Jamel Tayeb spent 25 years at Intel as an engineer and chip architect before retiring and becoming a professor in Portland State’s engineering department last fall. Intel is again listening to its technologists, Tayeb said, and that’s why he believes it can overcome its technological struggles.

“Do I believe that Intel can do it?” he asked. “I would say that yes, I really deeply feel that they can pull it off.”

To succeed as a leading-edge manufacturer, Intel must demonstrate that it is both capable of making advanced chips and committed to continue doing so.

Even Intel employees expressed confusion last summer when the company appeared to be hedging on its commitment to leading-edge manufacturing. But Auth, the manufacturing vice president in Hillsboro, insists the company never slowed the pace of research.

“The commitment to 14A is unwavering,” Auth said. “We have key milestones that Lip-Bu wants us to hit, and we’ve been hitting those milestones.”

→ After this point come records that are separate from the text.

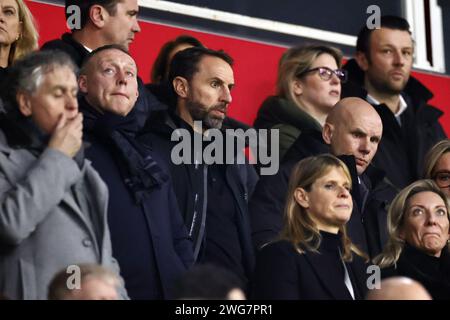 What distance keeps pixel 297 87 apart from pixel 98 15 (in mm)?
1394

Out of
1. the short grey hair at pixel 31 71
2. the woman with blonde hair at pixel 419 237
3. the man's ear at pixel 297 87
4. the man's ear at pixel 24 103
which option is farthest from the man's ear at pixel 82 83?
the man's ear at pixel 297 87

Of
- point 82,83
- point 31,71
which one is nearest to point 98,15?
point 82,83

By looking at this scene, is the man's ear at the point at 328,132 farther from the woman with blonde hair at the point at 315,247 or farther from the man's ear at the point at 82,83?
the man's ear at the point at 82,83

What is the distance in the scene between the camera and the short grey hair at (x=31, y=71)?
6406 mm

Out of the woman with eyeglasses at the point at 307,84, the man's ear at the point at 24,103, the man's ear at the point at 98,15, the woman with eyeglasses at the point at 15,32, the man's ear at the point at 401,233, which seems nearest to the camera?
the man's ear at the point at 24,103

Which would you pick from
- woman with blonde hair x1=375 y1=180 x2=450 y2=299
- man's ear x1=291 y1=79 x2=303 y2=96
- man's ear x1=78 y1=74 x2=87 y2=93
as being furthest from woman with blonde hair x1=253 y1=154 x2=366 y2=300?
man's ear x1=291 y1=79 x2=303 y2=96

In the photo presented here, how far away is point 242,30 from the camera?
10.0 metres

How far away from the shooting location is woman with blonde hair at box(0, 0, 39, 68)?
7.38m

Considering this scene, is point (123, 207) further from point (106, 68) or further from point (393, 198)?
point (393, 198)

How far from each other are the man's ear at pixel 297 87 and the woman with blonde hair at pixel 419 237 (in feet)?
4.14

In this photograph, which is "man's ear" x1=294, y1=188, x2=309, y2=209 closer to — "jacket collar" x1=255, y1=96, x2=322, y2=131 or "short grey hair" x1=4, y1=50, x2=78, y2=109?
"short grey hair" x1=4, y1=50, x2=78, y2=109

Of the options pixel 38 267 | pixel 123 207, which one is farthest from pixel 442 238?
pixel 38 267

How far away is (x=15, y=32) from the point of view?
7422 mm

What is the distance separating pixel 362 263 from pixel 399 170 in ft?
6.61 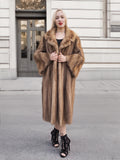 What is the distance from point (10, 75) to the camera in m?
12.5

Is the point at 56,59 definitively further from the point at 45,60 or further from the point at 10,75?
the point at 10,75

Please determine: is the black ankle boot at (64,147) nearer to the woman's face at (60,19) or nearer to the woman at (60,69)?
the woman at (60,69)

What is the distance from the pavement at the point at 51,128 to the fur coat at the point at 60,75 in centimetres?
52

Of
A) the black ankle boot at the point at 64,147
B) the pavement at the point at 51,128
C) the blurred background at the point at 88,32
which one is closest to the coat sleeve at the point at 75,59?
the black ankle boot at the point at 64,147

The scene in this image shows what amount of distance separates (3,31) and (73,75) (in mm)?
10314

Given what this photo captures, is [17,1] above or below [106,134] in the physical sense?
above

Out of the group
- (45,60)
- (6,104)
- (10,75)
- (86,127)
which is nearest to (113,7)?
(10,75)

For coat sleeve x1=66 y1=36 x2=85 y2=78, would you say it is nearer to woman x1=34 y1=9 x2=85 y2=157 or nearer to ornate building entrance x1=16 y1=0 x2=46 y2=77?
woman x1=34 y1=9 x2=85 y2=157

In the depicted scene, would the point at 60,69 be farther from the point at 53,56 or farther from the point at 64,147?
the point at 64,147

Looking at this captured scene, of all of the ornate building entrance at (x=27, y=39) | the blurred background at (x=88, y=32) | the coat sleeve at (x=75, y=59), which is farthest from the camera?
the ornate building entrance at (x=27, y=39)

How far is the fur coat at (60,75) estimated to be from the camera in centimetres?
308

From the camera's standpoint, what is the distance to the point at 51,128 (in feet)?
14.2

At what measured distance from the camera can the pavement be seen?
3.12 meters

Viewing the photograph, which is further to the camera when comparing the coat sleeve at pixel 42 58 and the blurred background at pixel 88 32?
the blurred background at pixel 88 32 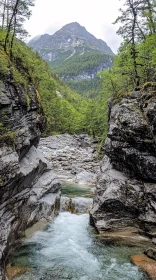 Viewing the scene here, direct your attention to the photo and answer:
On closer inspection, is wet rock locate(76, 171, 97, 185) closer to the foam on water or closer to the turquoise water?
the turquoise water

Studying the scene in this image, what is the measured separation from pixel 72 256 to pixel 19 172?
216 inches

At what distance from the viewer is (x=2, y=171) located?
38.7ft

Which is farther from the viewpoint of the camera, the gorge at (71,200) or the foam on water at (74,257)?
the gorge at (71,200)

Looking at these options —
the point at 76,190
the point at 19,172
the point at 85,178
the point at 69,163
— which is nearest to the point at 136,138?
the point at 19,172

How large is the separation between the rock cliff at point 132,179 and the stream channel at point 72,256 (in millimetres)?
1657

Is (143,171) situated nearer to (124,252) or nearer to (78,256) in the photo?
(124,252)

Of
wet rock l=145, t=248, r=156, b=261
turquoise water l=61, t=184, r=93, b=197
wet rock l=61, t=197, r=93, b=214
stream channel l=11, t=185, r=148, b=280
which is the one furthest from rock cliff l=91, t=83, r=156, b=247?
turquoise water l=61, t=184, r=93, b=197

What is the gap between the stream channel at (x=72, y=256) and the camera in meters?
10.8

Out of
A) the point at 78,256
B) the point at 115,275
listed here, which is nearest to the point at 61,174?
the point at 78,256

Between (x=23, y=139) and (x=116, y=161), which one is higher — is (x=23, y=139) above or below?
above

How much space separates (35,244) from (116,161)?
8.47 m

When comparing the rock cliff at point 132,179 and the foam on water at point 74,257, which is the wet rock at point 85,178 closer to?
the rock cliff at point 132,179

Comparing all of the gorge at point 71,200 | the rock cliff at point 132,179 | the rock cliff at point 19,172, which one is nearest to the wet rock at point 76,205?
the gorge at point 71,200

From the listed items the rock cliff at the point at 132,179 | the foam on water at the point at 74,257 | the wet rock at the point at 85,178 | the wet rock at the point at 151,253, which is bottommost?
the wet rock at the point at 85,178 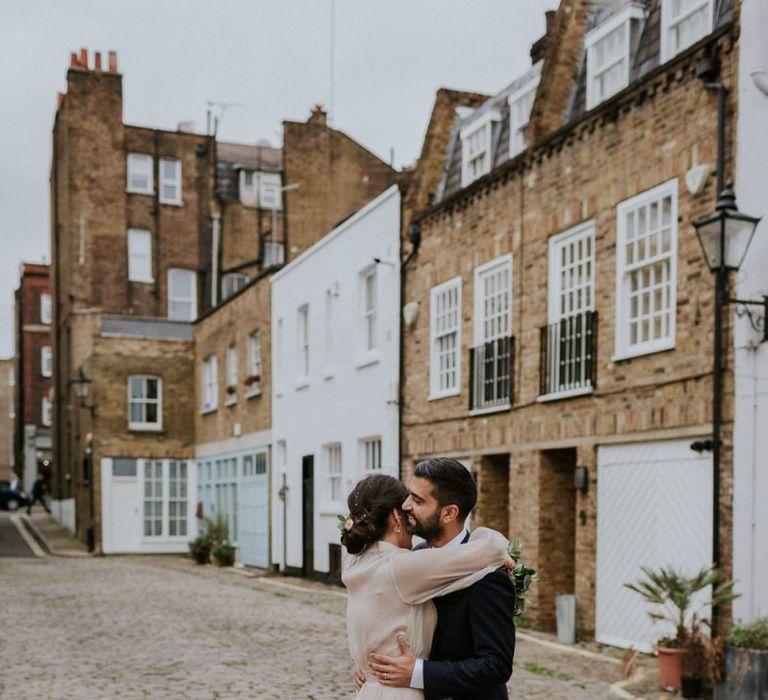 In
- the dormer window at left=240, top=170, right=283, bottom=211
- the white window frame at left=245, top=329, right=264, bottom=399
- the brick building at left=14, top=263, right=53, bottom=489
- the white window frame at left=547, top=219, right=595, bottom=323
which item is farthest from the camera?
the brick building at left=14, top=263, right=53, bottom=489

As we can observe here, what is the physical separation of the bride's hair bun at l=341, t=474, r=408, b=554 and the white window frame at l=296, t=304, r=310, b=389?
20.6 meters

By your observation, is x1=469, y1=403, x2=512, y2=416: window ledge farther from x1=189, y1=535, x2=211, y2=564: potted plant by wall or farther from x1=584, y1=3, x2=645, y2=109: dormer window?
x1=189, y1=535, x2=211, y2=564: potted plant by wall

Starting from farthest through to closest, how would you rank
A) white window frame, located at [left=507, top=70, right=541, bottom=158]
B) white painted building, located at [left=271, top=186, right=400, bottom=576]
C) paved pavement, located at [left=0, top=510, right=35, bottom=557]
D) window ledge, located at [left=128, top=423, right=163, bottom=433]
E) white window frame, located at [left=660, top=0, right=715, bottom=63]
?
window ledge, located at [left=128, top=423, right=163, bottom=433]
paved pavement, located at [left=0, top=510, right=35, bottom=557]
white painted building, located at [left=271, top=186, right=400, bottom=576]
white window frame, located at [left=507, top=70, right=541, bottom=158]
white window frame, located at [left=660, top=0, right=715, bottom=63]

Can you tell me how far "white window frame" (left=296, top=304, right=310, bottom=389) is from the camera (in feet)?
79.7

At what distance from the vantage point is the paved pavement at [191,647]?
32.4 feet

He likens Intel scientists to bakers. The engineers, technicians and researchers working in cleanroom bunny suits are making cakes that need millions of ingredients and thousands of steps.

“Those are the type of things that we do to, at the end of the day, make the best cake we can,” he said, “which is what our customers see.”

Intel has addressed its technological struggles, according to Auth, by focusing on a single cake rather than dabbling in many different ideas. He said Intel has a hard-earned understanding of how to focus on a single concept — manufacturing chips that clients want — and he said the company is convinced it can deliver.

External customers care most of all that chip designs arrive on a predictable schedule, Auth said, and he said a commitment to meeting those expectations is fueling a technological renaissance inside Intel.

“It’s paramount,” Auth said. “And so that has been something that we’ve really embraced.”